> What the exercise asks
The task calls for the lines below from the line with "Perla singola 5x10mm" to the line with "1181 Irmal Dr, Dayton, OH 45432 photo 13", both ends included, copied exactly, without any pictures.
───── Record excerpts
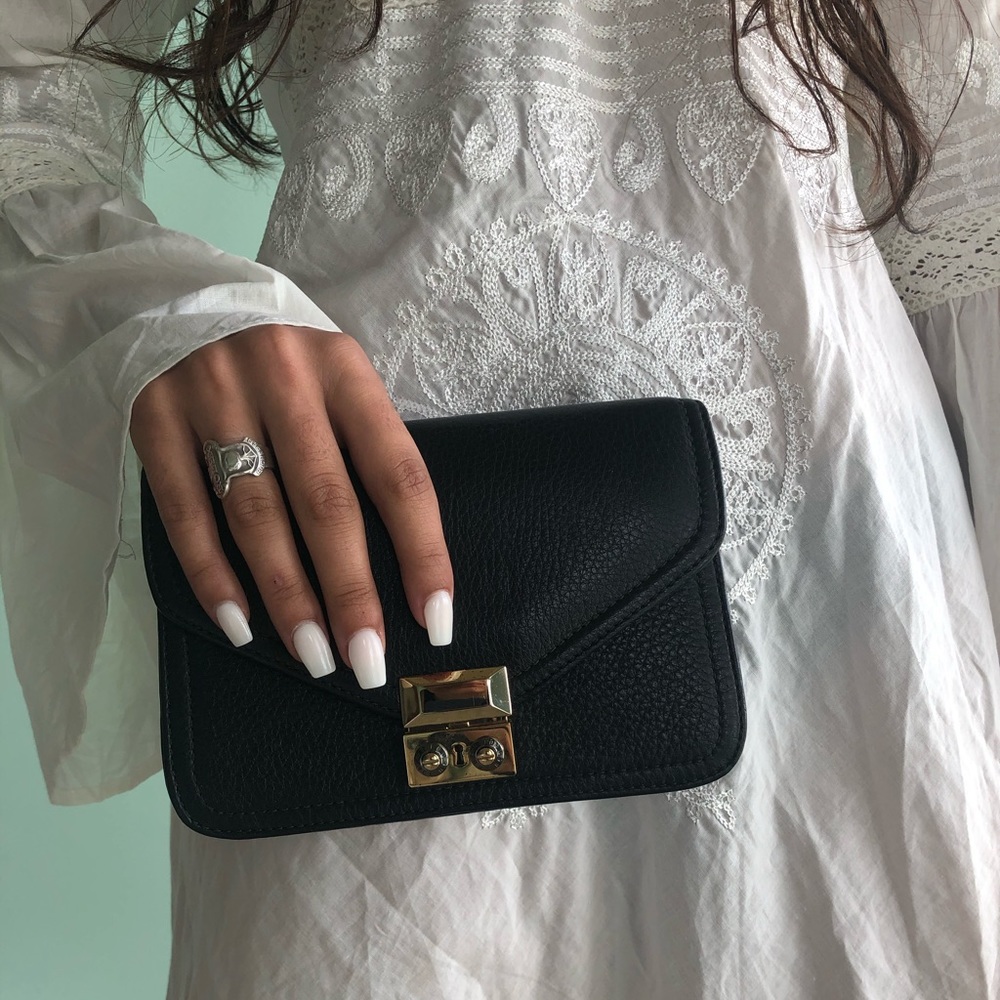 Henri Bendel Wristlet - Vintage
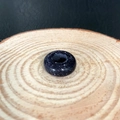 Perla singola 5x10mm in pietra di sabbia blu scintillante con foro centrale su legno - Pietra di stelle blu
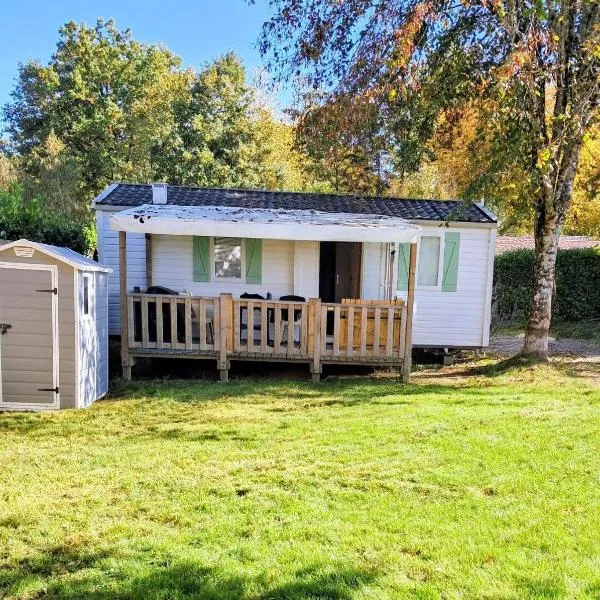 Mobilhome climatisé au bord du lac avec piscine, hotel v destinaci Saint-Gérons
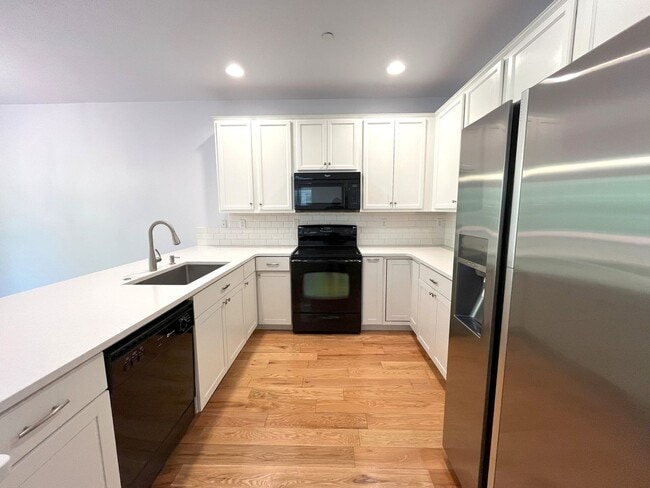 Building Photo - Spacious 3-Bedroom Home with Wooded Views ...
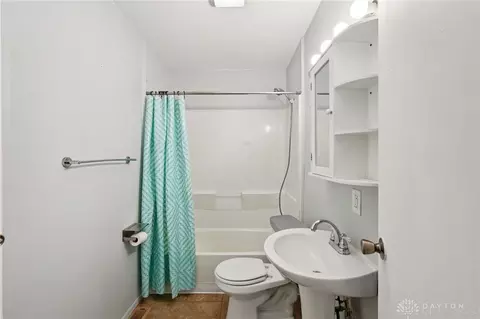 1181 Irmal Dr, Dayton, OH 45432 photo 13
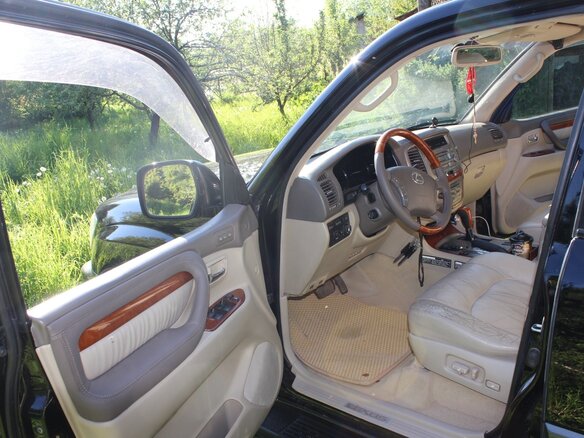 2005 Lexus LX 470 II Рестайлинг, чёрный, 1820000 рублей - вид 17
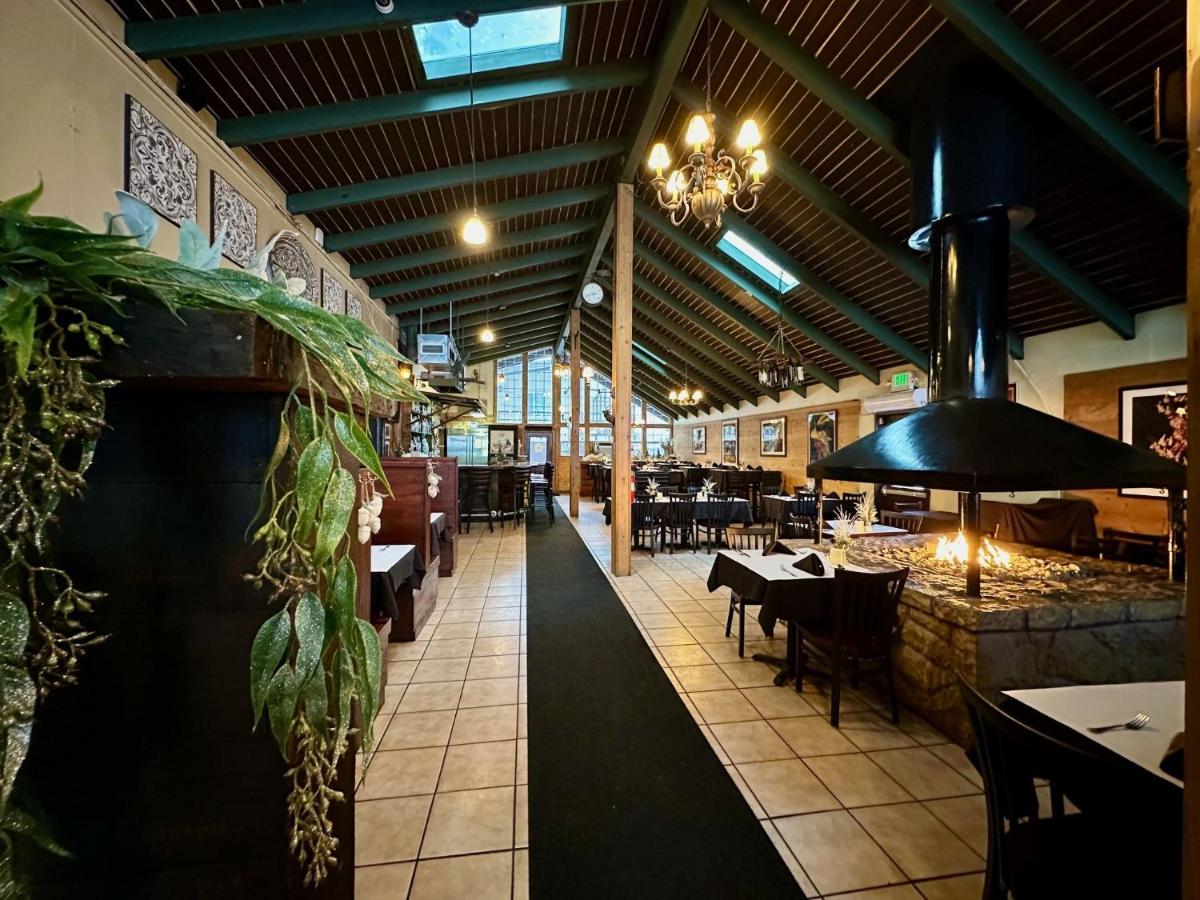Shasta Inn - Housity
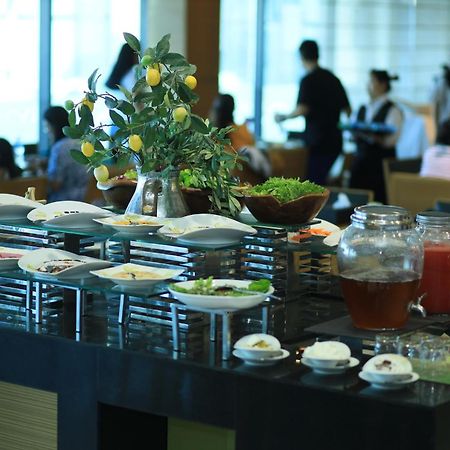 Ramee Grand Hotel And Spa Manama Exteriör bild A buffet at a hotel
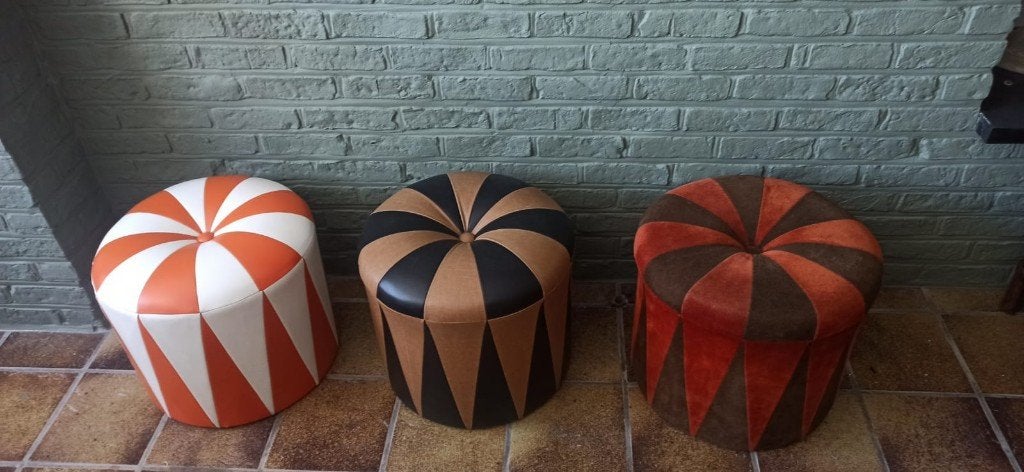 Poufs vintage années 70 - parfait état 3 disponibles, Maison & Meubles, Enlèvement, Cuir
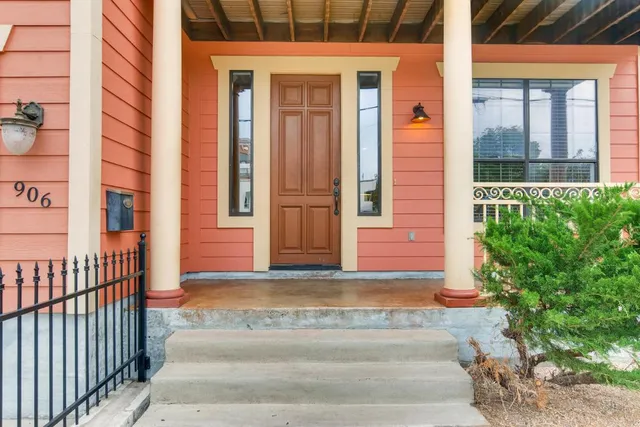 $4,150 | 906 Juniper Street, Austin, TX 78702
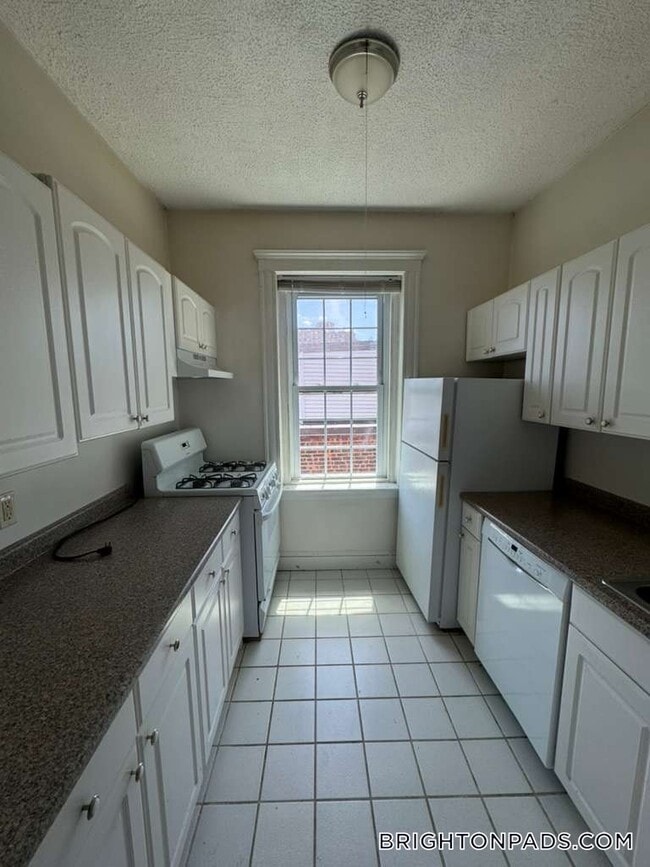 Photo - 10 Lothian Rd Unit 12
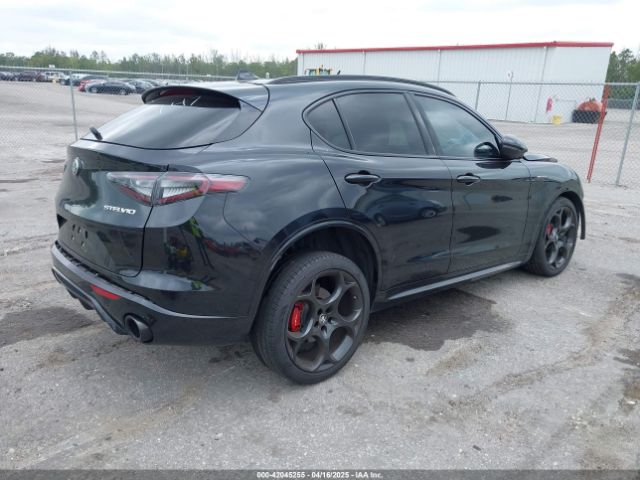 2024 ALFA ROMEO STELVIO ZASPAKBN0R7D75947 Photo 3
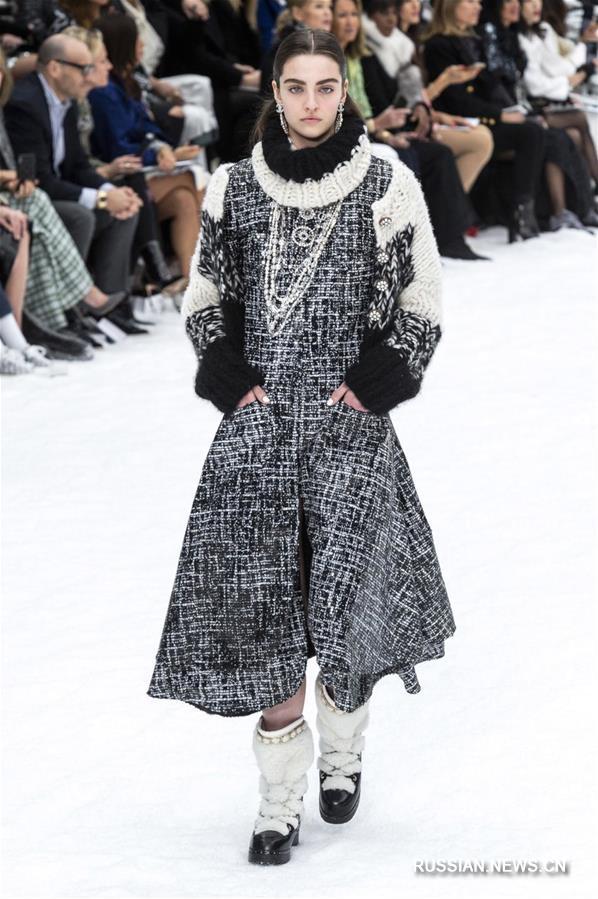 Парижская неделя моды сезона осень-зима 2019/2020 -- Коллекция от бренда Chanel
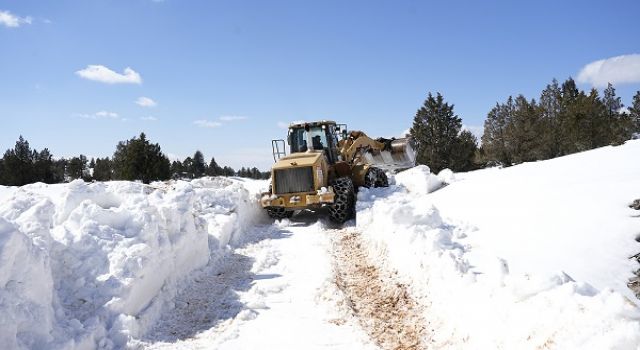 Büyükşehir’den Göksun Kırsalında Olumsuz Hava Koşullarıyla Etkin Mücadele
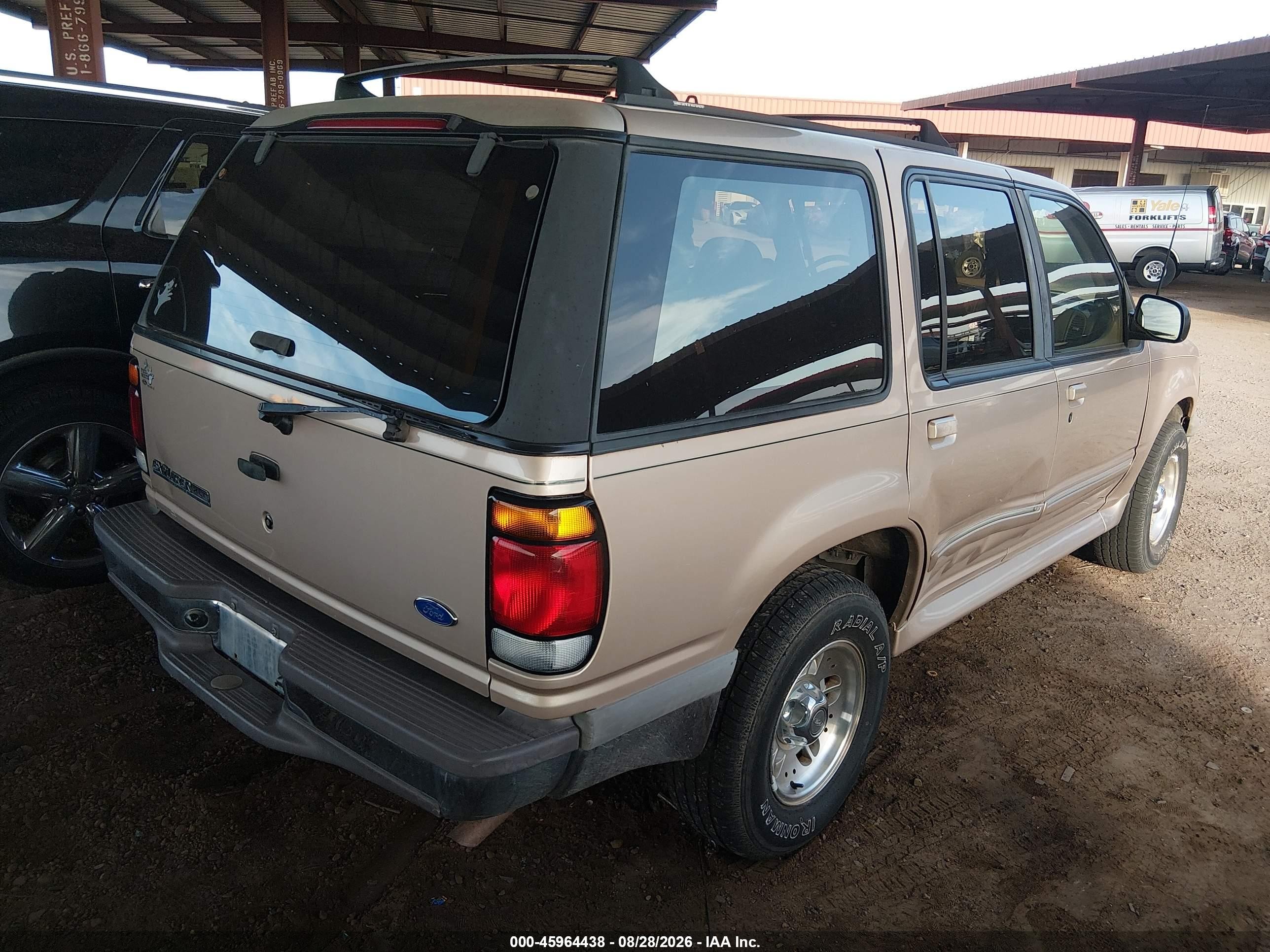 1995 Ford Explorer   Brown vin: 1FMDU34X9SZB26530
──────────
> Task response
 Perla singola 5x10mm in pietra di sabbia blu scintillante con foro centrale su legno - Pietra di stelle blu
 Mobilhome climatisé au bord du lac avec piscine, hotel v destinaci Saint-Gérons
 Building Photo - Spacious 3-Bedroom Home with Wooded Views ...
 1181 Irmal Dr, Dayton, OH 45432 photo 13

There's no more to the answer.